──────── Supplied information ────────

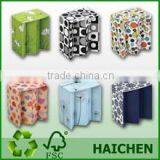 Folding Portable Prinitng Corrugated Paper Stool for Children thumbnail-1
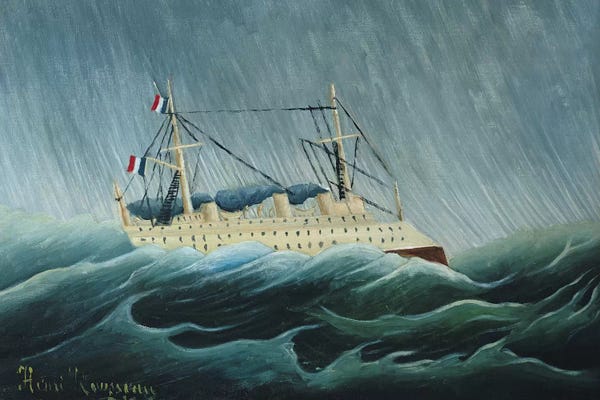 Post-Impressionism: The Storm-Tossed Vessel, c.1899 by Henri Rousseau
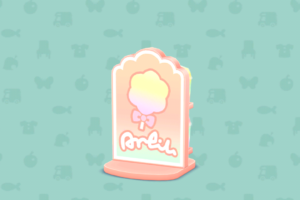 ポケ森のわたあめショップのかんばん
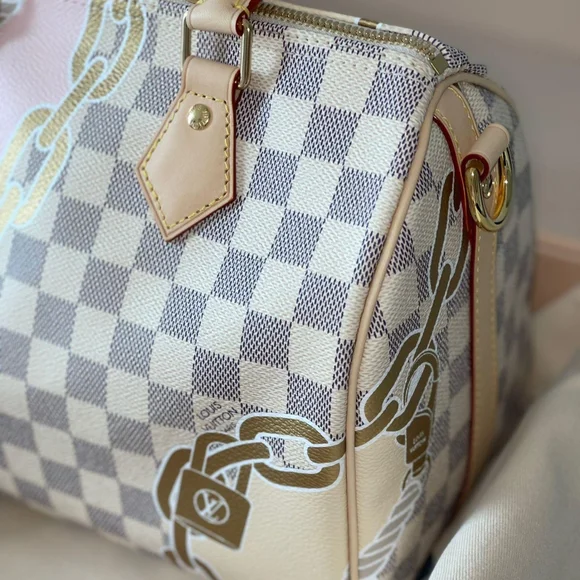 Louis Vuitton Damier Azur Nautical Speedy 25 - Picture 6 of 15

────────

§ **Goal of the exercise**: The expected answer is the line with "Post-Impressionism: The Storm-Tossed" followed by every remaining line of the listing, each restated exactly, with all pictures dropped.

§ **Task answer**:
 Post-Impressionism: The Storm-Tossed Vessel, c.1899 by Henri Rousseau
 ポケ森のわたあめショップのかんばん
 Louis Vuitton Damier Azur Nautical Speedy 25 - Picture 6 of 15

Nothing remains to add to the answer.